The place is fairly empty, so it doesn’t take long for them to make their way through the line. With loaded up trays, they select a table. “I’d pull your chair out for you, but, well,” Sawyer says, because there are no chairs, just benches fixed to the table. He steps over the bench to sit down.

“I wonder what made them say, ‘yes, picnic tables,’” Juliet says, and sits down across from him.

Sawyer shrugs and looks around. There are some scientists eating solo, shoveling in the grub while theorems undoubtedly dance in their heads. He wonders if they have friends. “You all have somethin’ like this?” he asks, referring to her time with the Others.
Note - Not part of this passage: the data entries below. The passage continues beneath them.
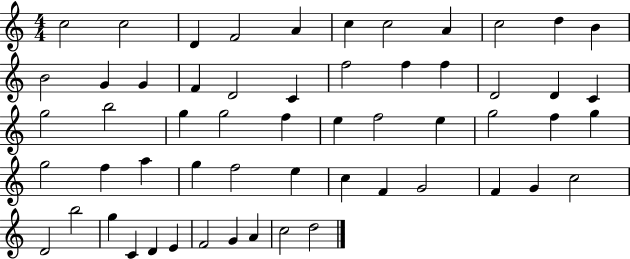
{
  \clef treble
  \numericTimeSignature
  \time 4/4
  \key c \major
  c''2 c''2 | d'4 f'2 a'4 | c''4 c''2 a'4 | c''2 d''4 b'4 | \break b'2 g'4 g'4 | f'4 d'2 c'4 | f''2 f''4 f''4 | d'2 d'4 c'4 | \break g''2 b''2 | g''4 g''2 f''4 | e''4 f''2 e''4 | g''2 f''4 g''4 | \break g''2 f''4 a''4 | g''4 f''2 e''4 | c''4 f'4 g'2 | f'4 g'4 c''2 | \break d'2 b''2 | g''4 c'4 d'4 e'4 | f'2 g'4 a'4 | c''2 d''2 | \break \bar "|."
} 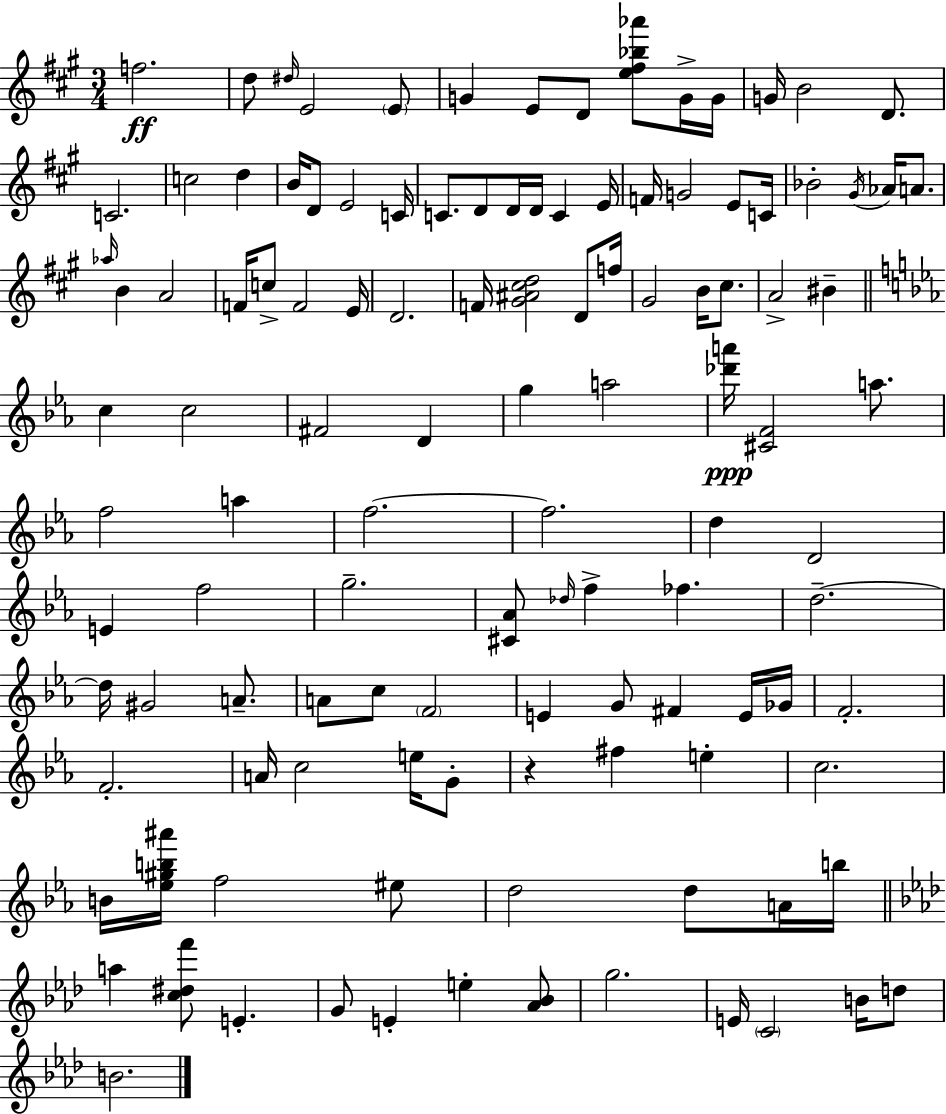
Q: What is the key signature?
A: A major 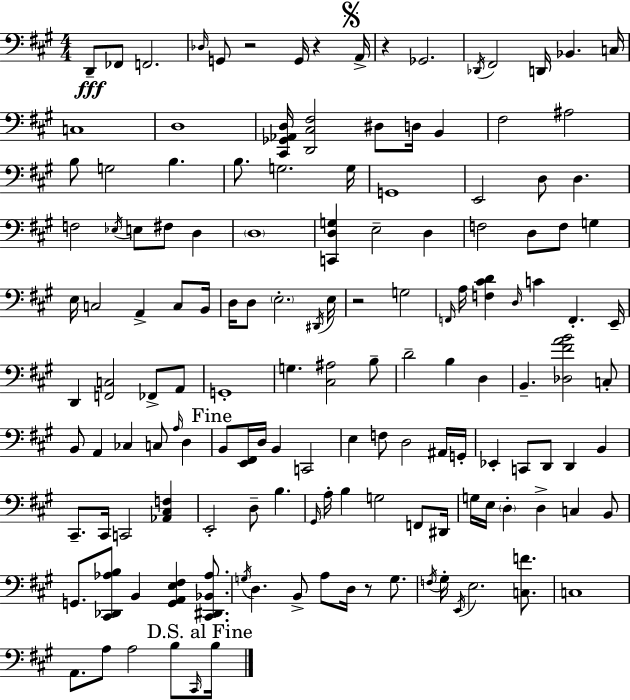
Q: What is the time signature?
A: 4/4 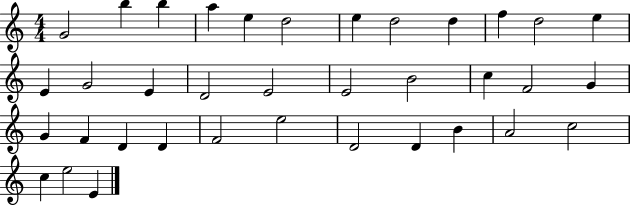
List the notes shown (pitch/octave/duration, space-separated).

G4/h B5/q B5/q A5/q E5/q D5/h E5/q D5/h D5/q F5/q D5/h E5/q E4/q G4/h E4/q D4/h E4/h E4/h B4/h C5/q F4/h G4/q G4/q F4/q D4/q D4/q F4/h E5/h D4/h D4/q B4/q A4/h C5/h C5/q E5/h E4/q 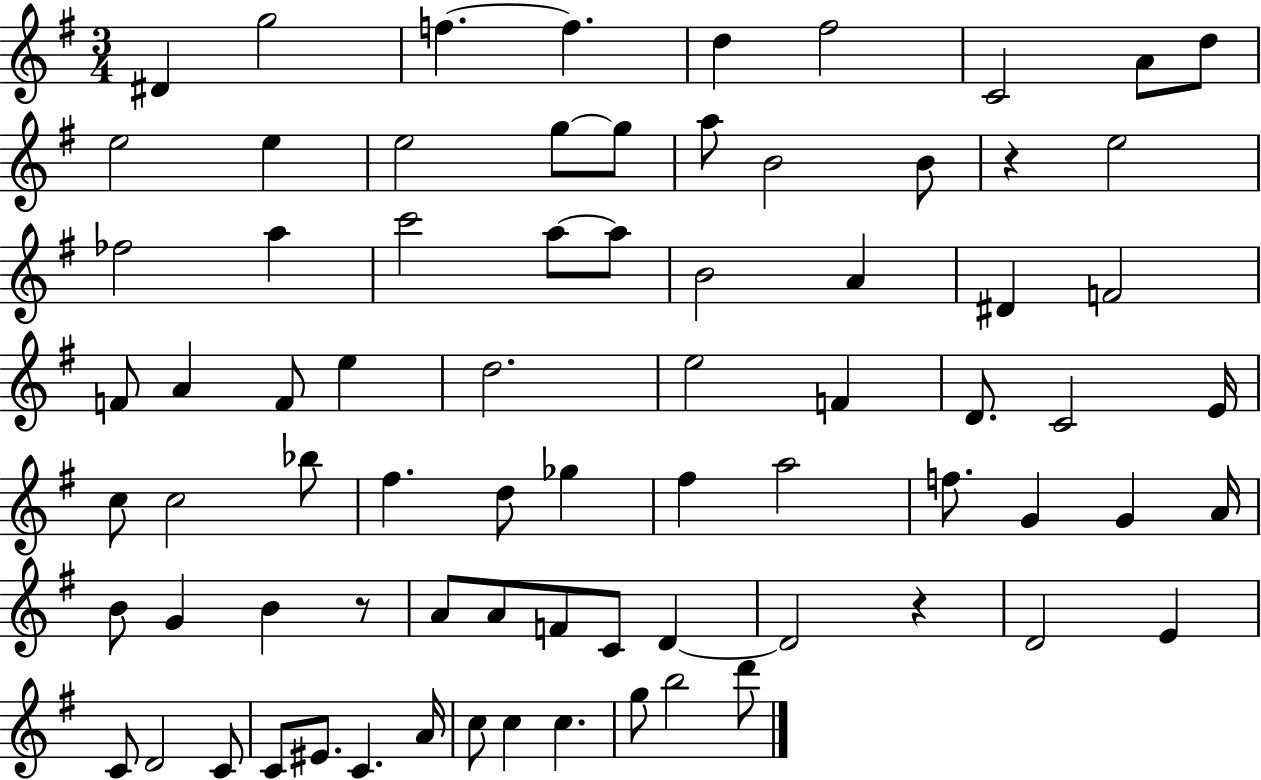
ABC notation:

X:1
T:Untitled
M:3/4
L:1/4
K:G
^D g2 f f d ^f2 C2 A/2 d/2 e2 e e2 g/2 g/2 a/2 B2 B/2 z e2 _f2 a c'2 a/2 a/2 B2 A ^D F2 F/2 A F/2 e d2 e2 F D/2 C2 E/4 c/2 c2 _b/2 ^f d/2 _g ^f a2 f/2 G G A/4 B/2 G B z/2 A/2 A/2 F/2 C/2 D D2 z D2 E C/2 D2 C/2 C/2 ^E/2 C A/4 c/2 c c g/2 b2 d'/2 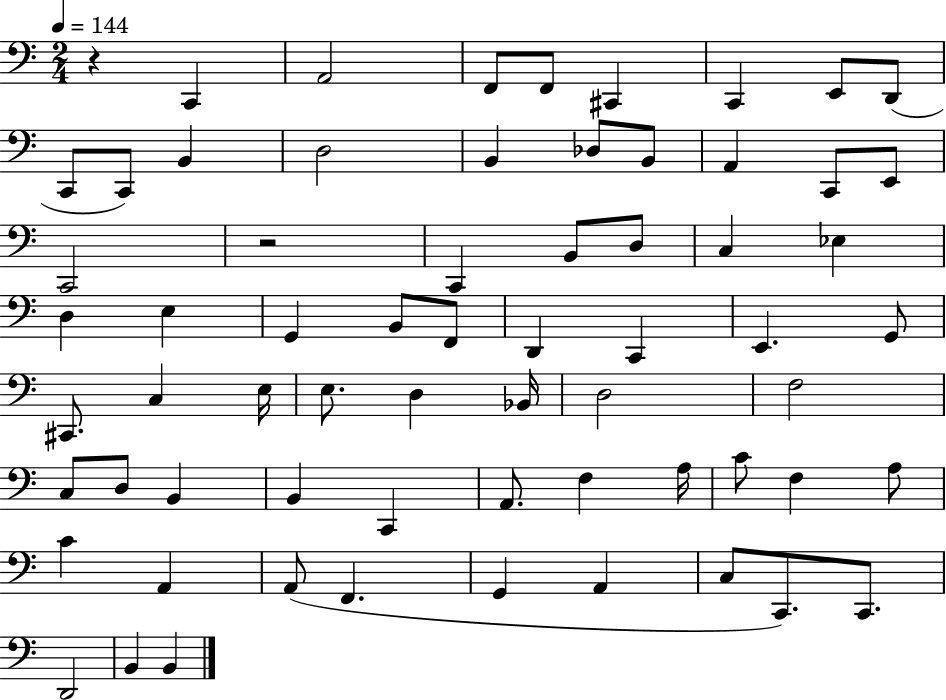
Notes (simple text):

R/q C2/q A2/h F2/e F2/e C#2/q C2/q E2/e D2/e C2/e C2/e B2/q D3/h B2/q Db3/e B2/e A2/q C2/e E2/e C2/h R/h C2/q B2/e D3/e C3/q Eb3/q D3/q E3/q G2/q B2/e F2/e D2/q C2/q E2/q. G2/e C#2/e. C3/q E3/s E3/e. D3/q Bb2/s D3/h F3/h C3/e D3/e B2/q B2/q C2/q A2/e. F3/q A3/s C4/e F3/q A3/e C4/q A2/q A2/e F2/q. G2/q A2/q C3/e C2/e. C2/e. D2/h B2/q B2/q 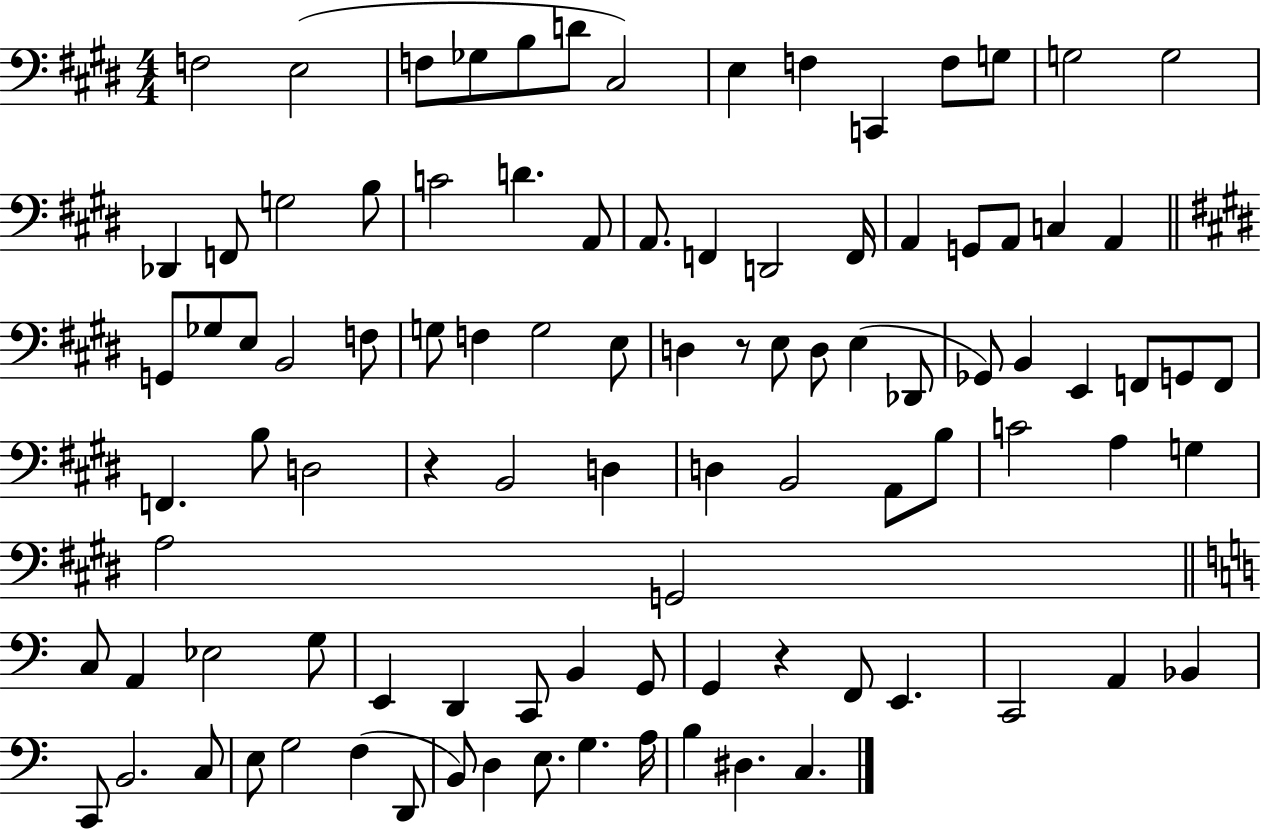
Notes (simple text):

F3/h E3/h F3/e Gb3/e B3/e D4/e C#3/h E3/q F3/q C2/q F3/e G3/e G3/h G3/h Db2/q F2/e G3/h B3/e C4/h D4/q. A2/e A2/e. F2/q D2/h F2/s A2/q G2/e A2/e C3/q A2/q G2/e Gb3/e E3/e B2/h F3/e G3/e F3/q G3/h E3/e D3/q R/e E3/e D3/e E3/q Db2/e Gb2/e B2/q E2/q F2/e G2/e F2/e F2/q. B3/e D3/h R/q B2/h D3/q D3/q B2/h A2/e B3/e C4/h A3/q G3/q A3/h G2/h C3/e A2/q Eb3/h G3/e E2/q D2/q C2/e B2/q G2/e G2/q R/q F2/e E2/q. C2/h A2/q Bb2/q C2/e B2/h. C3/e E3/e G3/h F3/q D2/e B2/e D3/q E3/e. G3/q. A3/s B3/q D#3/q. C3/q. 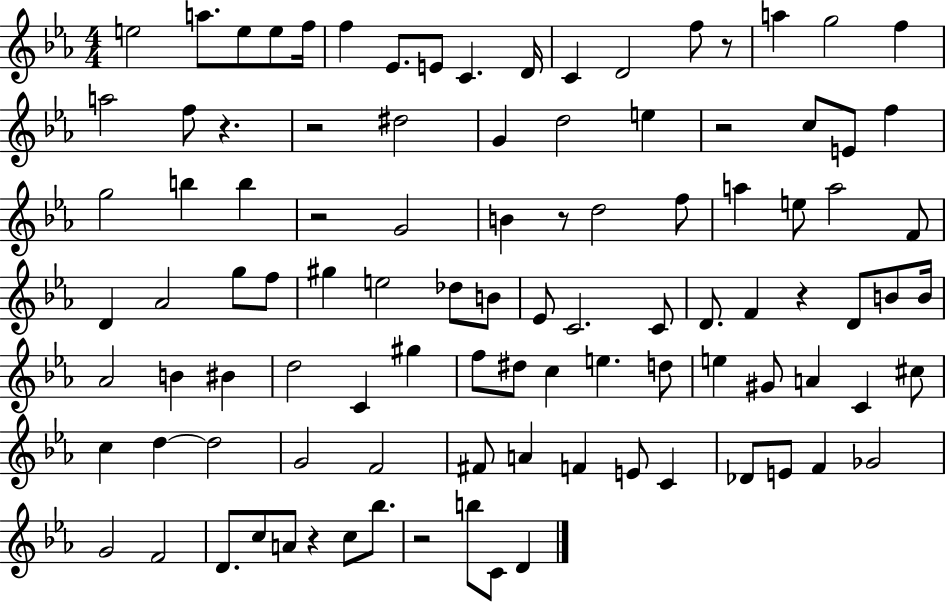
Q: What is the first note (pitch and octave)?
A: E5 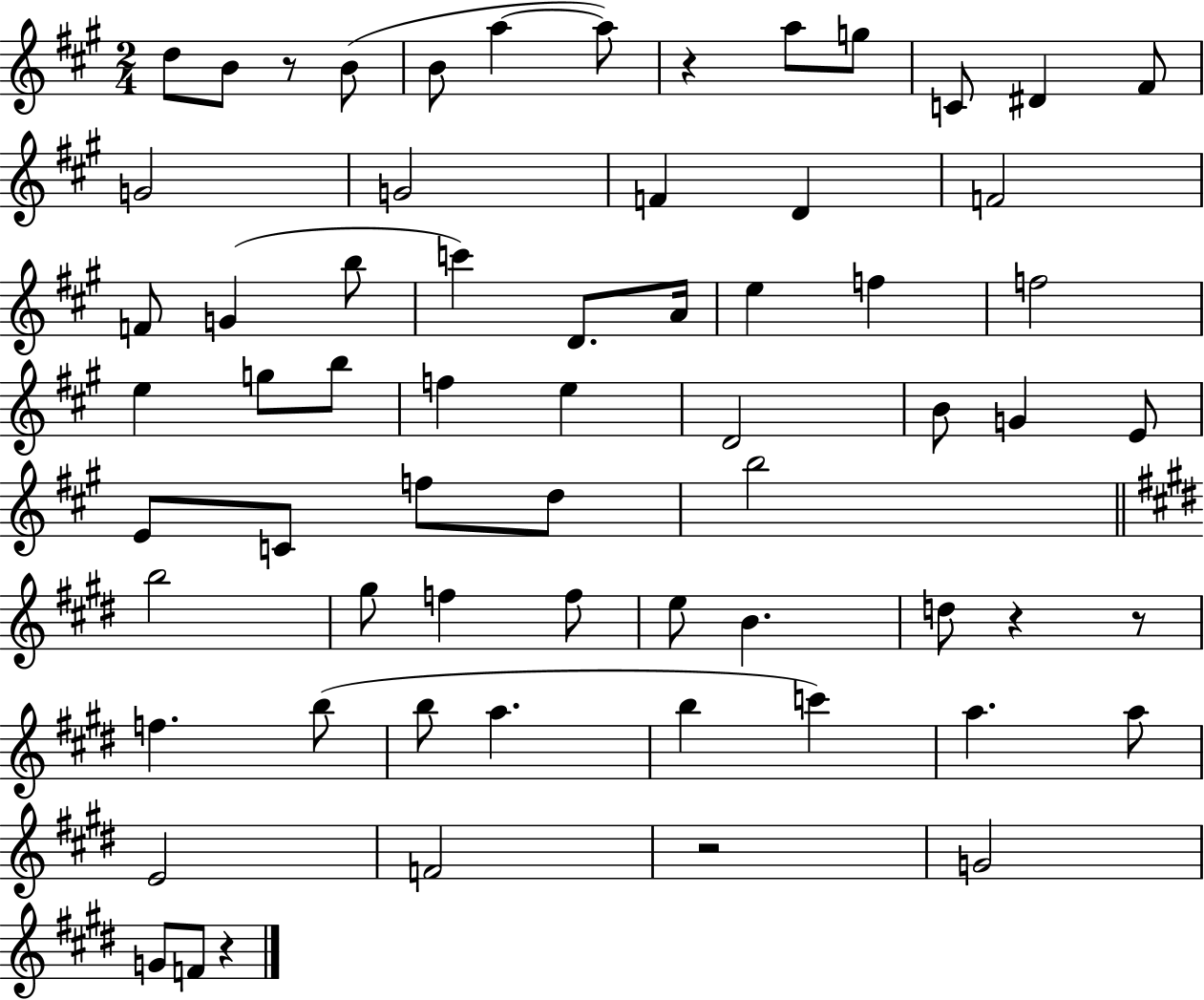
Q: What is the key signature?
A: A major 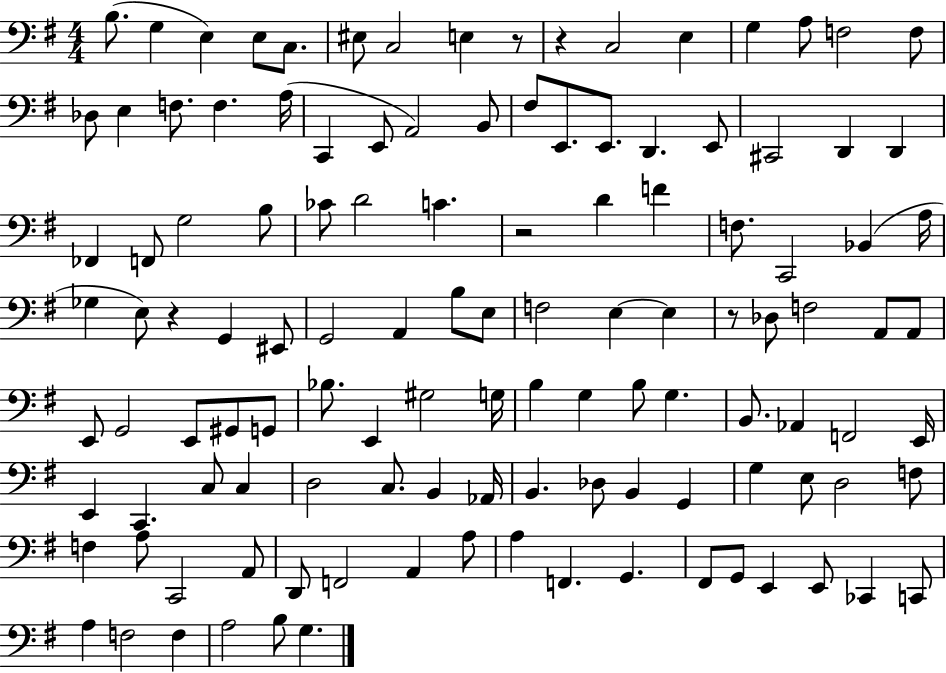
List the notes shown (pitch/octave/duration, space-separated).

B3/e. G3/q E3/q E3/e C3/e. EIS3/e C3/h E3/q R/e R/q C3/h E3/q G3/q A3/e F3/h F3/e Db3/e E3/q F3/e. F3/q. A3/s C2/q E2/e A2/h B2/e F#3/e E2/e. E2/e. D2/q. E2/e C#2/h D2/q D2/q FES2/q F2/e G3/h B3/e CES4/e D4/h C4/q. R/h D4/q F4/q F3/e. C2/h Bb2/q A3/s Gb3/q E3/e R/q G2/q EIS2/e G2/h A2/q B3/e E3/e F3/h E3/q E3/q R/e Db3/e F3/h A2/e A2/e E2/e G2/h E2/e G#2/e G2/e Bb3/e. E2/q G#3/h G3/s B3/q G3/q B3/e G3/q. B2/e. Ab2/q F2/h E2/s E2/q C2/q. C3/e C3/q D3/h C3/e. B2/q Ab2/s B2/q. Db3/e B2/q G2/q G3/q E3/e D3/h F3/e F3/q A3/e C2/h A2/e D2/e F2/h A2/q A3/e A3/q F2/q. G2/q. F#2/e G2/e E2/q E2/e CES2/q C2/e A3/q F3/h F3/q A3/h B3/e G3/q. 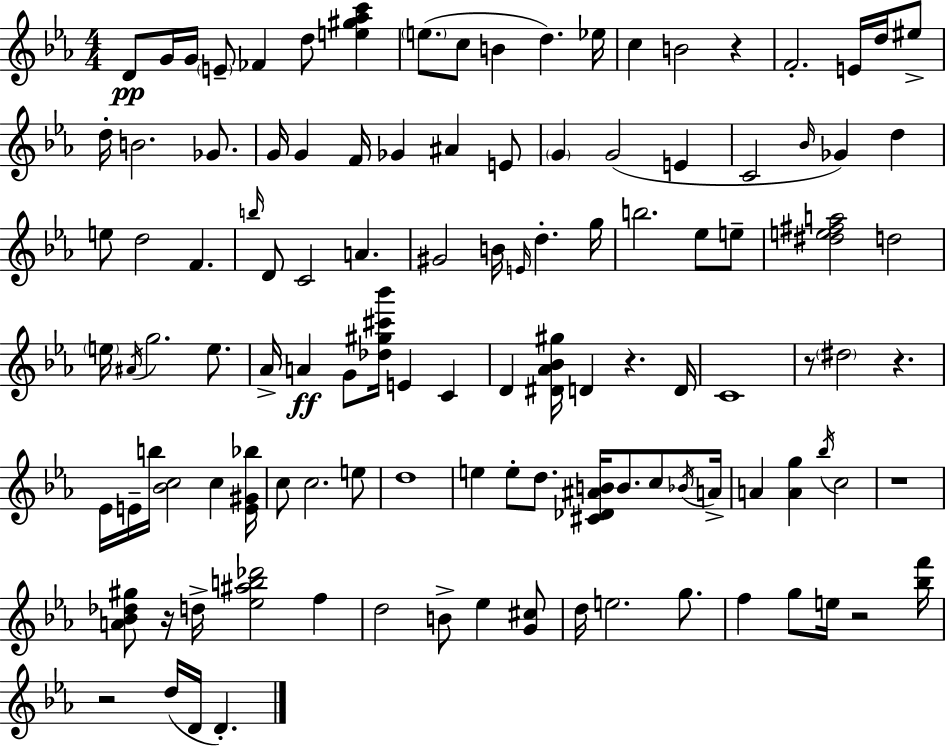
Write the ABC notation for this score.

X:1
T:Untitled
M:4/4
L:1/4
K:Cm
D/2 G/4 G/4 E/2 _F d/2 [e^g_ac'] e/2 c/2 B d _e/4 c B2 z F2 E/4 d/4 ^e/2 d/4 B2 _G/2 G/4 G F/4 _G ^A E/2 G G2 E C2 _B/4 _G d e/2 d2 F b/4 D/2 C2 A ^G2 B/4 E/4 d g/4 b2 _e/2 e/2 [^de^fa]2 d2 e/4 ^A/4 g2 e/2 _A/4 A G/2 [_d^g^c'_b']/4 E C D [^D_A_B^g]/4 D z D/4 C4 z/2 ^d2 z _E/4 E/4 b/4 [_Bc]2 c [E^G_b]/4 c/2 c2 e/2 d4 e e/2 d/2 [^C_D^AB]/4 B/2 c/2 _B/4 A/4 A [Ag] _b/4 c2 z4 [A_B_d^g]/2 z/4 d/4 [_e^ab_d']2 f d2 B/2 _e [G^c]/2 d/4 e2 g/2 f g/2 e/4 z2 [_bf']/4 z2 d/4 D/4 D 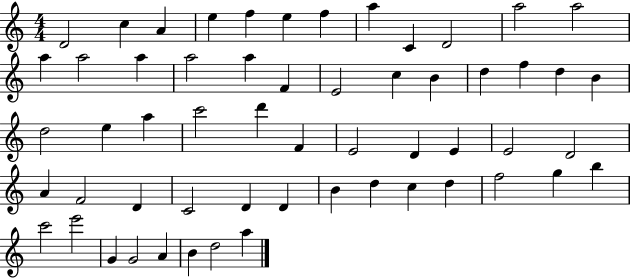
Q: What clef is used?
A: treble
Juliet shakes her head, but she gets that pinched look she always has when he brings it up, her prior time in this compound. “All the houses have kitchens,” she says. “We had things to do, but it wasn’t busy like it is here.”

“Busy,” he scoffs.

He still eats like he doesn’t know where the next meal is coming from. He notices her watching him and makes a point to go slower. He sets down his fork and takes a drink of water. He breathes, in and out, looking at her. She just looks back. It makes him toss his hair and then look down at his plate, moving his fork around.

When he glances at her, she’s still looking at him. “What?”

It’s her turn to look away.

“Awful quiet,” he teases.

“What do you want to talk about, James?” she asks in that simple, quiet tone she has.

“Only thing I got in my head is books,” he says, and it’s such a lie she actually laughs.

“Then let’s talk about books,” she agrees. “What have you read lately that’s good?”

“On the beach, I read this book about bunnies,” he says.

“’Tell me about the rabbits, George,’” she quotes, and his heart beats faster.

“Not that one,” he says, fast, but he can’t take his eyes off her. “You know that one?”

Her mischievous grin develops again. “It’s from a cartoon,” she says, but they both know she knows better.

“You ever read it?”

“Ninth grade,” she says.

“You like it?” he asks, hopefully.

“There’s not much in there for a freshman to relate to,” she says. As though she senses his disappointment, she adds, “I should give it another try.”

“I been lookin’ for a copy around here,” he says, and then frowns at himself for such an admission. As though he needs it, a book he’s already read half a dozen times. “Ain’t found one yet.”

“Did you like Watership Down?” she asks.

“Read it twice. On the beach.” He looks at her again. He’s aware he didn’t tell her the name of the bunny book, which means she must have seen him reading it back then and took notice. He’s a little curious about that, but doesn’t know how to ask it. “You?”

“I read it on the beach, too, actually. Different beach.”

“Somethin’ tells me it’s not a happy memory,” he says, when she falls into silence.

“The sun was not kind to me that day,” she says. “My sister called me Stripes for a year.”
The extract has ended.